Denmark’s Andreas Christensen takes a shot that went in off Cyrus Christie for their first goal. Photo: INPHO/Gary Carr
Two goals in three first half minutes demonstrated Denmark’s lethal attacking ability en route to securing their place at World Cup 2018.
This may not be a Danish side of the 1986 vintage when Preben Elkjaer, Jesper Olsen, Soren Lerby, Jan Molby and Michael Laudrup tore up the Mexico World Cup or 1992 when Brian Laudrup, Peter Schmeichel and John Jensen became European champions.
Yet, the 2017 Danish side has many qualities, not least their defensive solidity, backboned by another Schmeichel, Kasper. A hard-working midfield unit helped the Danes win six times and draw twice in their qualification group and any team with Christian Eriksen amongst its ranks always has a chance of winning.
Ireland must pass
Wes Hoolahan and Robbie Brady dejected after conceding a third goal. Photo: INPHO/Ryan Byrne
A five-man passing move that emanated deep in Irish territory and ended with James McClean latching on to a perfectly weighted Robbie Brady deivery had the crowd on its feet after 23 minutes.
The West Bromwich Albion winger angled his shot inches past an upright but that brief cameo showed what Ireland are capable of when unafraid to pass their way out of trouble.
The bitter truth however, is that apart from that move and one or two counter-attacks, Ireland barely troubled Denmark over the two play-off legs. Wes Hoolahan and Aiden McGeady’s second half introductions improved things for a time but the reality is that this Irish team, under Martin O’Neill, appear incapable or confident enough to get the ball down and play.
Eriksen the Great
Denmark’s Christian Eriksen scores their second goal. Photo: INPHO/James Crombie
In Christian Eriksen, Denmark possesses a player of genuine quality, underlined by the Tottenham Hotspur playmaker’s magnificent three finishes to confirm his country’s victory at the Aviva Stadium.

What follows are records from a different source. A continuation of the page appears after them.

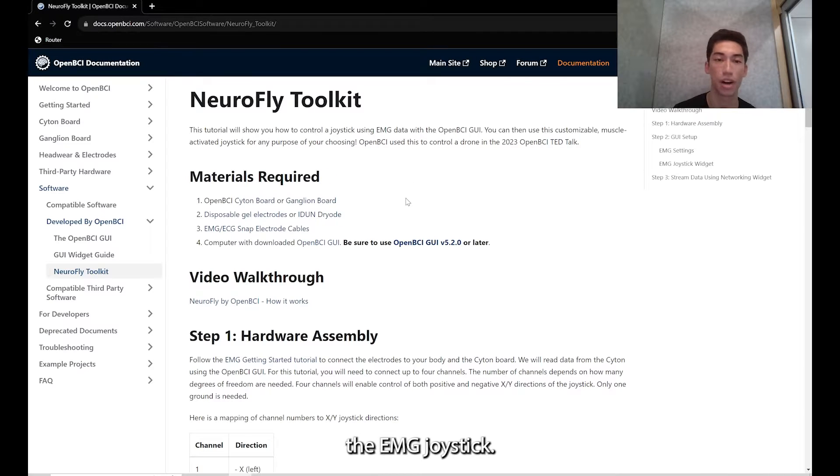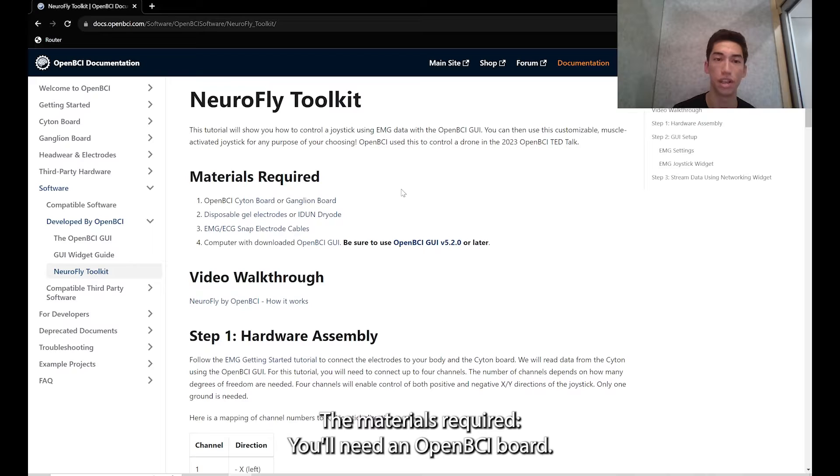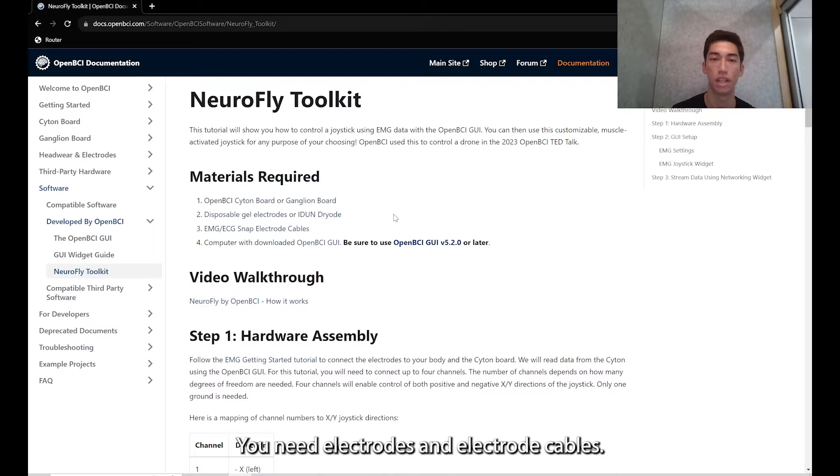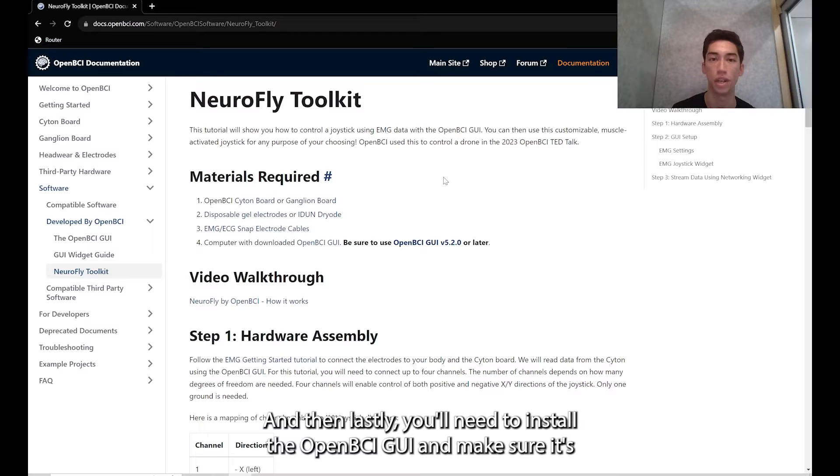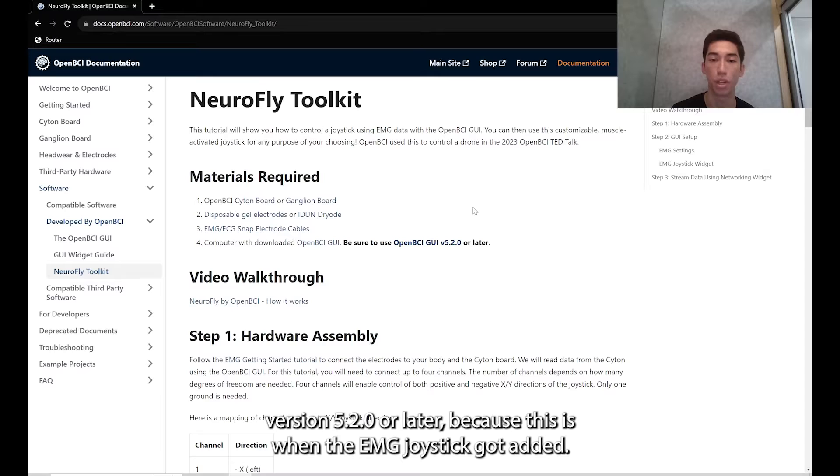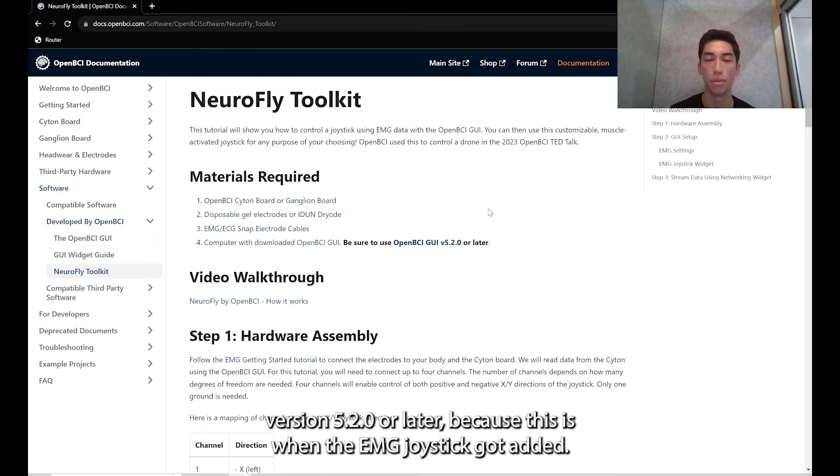The materials required: you'll need an OpenBCI board, electrodes and electrode cables, and you'll need to install the OpenBCI GUI and make sure it's version 5.2.0 or later because this is when the EMG joystick got added.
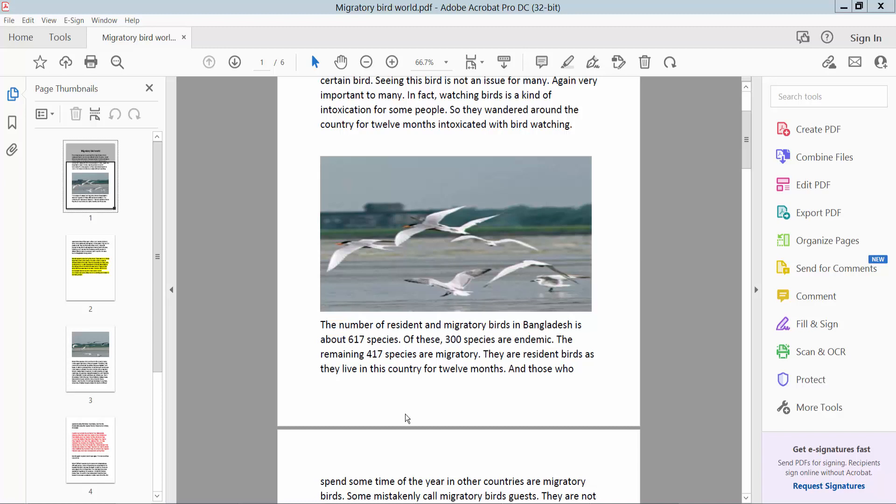Hello everyone, today I will show you how to edit images in a PDF file using Adobe Acrobat Pro DC.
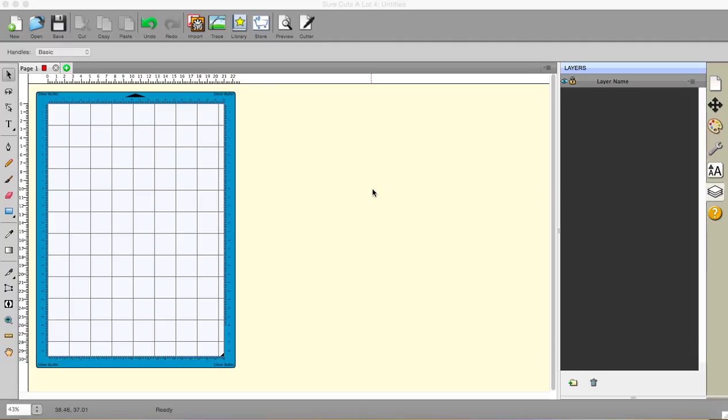Hi, Sandra here from Create in Spain and I'm pleased to announce that Sure Cuts a Lot have brought out a new update, version 4.0.17. This is a very important update. It allows people with laser-aligned cutters such as the Silver Bullet to do scan-to-cut or photo-to-cut, image-to-cut, basically that doesn't have to be printed and then sent to the cutter.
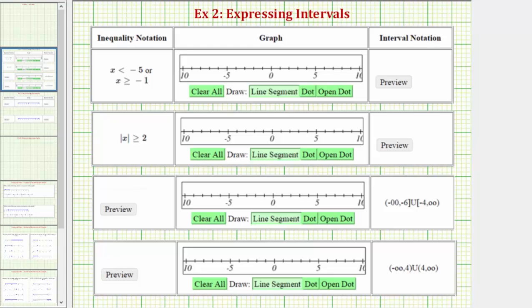Welcome to several examples on how to express a given interval using inequality notation, a graph, as well as interval notation. For the first two examples, we're given the interval using inequality notation, and then we're asked to graph the interval as well as write the interval using interval notation.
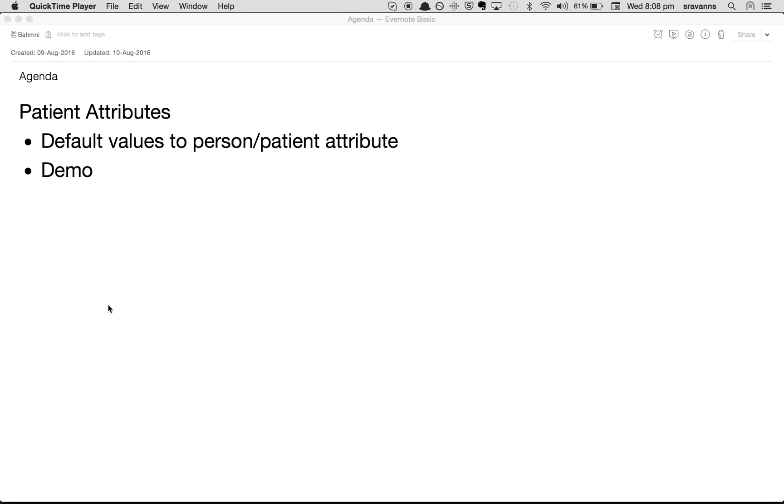In this video I'm going to show you how to set a default value for a person or patient attribute.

The Spurs attacking midfielder has flourished under Mauricio Pochettino and carried his club form onto the international stage, popping up with crucial goals in wins over Armenia, Kazakhstan, Poland, Montenegro and Ireland.
Denmark will be no pushover in Russia next summer and could cause a shock or two with Eriksen pulling the strings.
Shane Duffy reacts after Christian Eriksen scored his side’s fourth goal. Photo: Stephen McCarthy/Sportsfile
Ireland only managed twelve goals during their qualification run, the third worst record in Group D, with James McClean (4) and Daryl Murphy (3) netting the bulk of that total.
Martin O’Neill will point to his side’s defensive record – six goals conceded in eleven competitive internationals prior to Tuesday night’s aberration – but cannot avoid the fact Ireland still don’t possess a striker of Robbie Keane’s calibre.
Shane Long, Jonathan Walters, Daryl Murphy, Sean Maguire and David McGoldrick are not consistent scorers at the highest level but represent O’Neill’s current first-choice forwards.
Unearthing a new striker or enabling an existing squad member to regain his scoring touch is an absolute necessity ahead of our next qualifying series.
Won’t be the same without you
A dejected Irish fan. Photo: INPHO/Morgan Treacy
Some of the countries that have failed to make it to Russia 2018: Cameroon, Ivory Coast, Ghana, USA, Chile, Paraguay, Netherlands, Italy, Northern Ireland, Wales, Czech Republic, Scotland, Ukraine and the Republic of Ireland.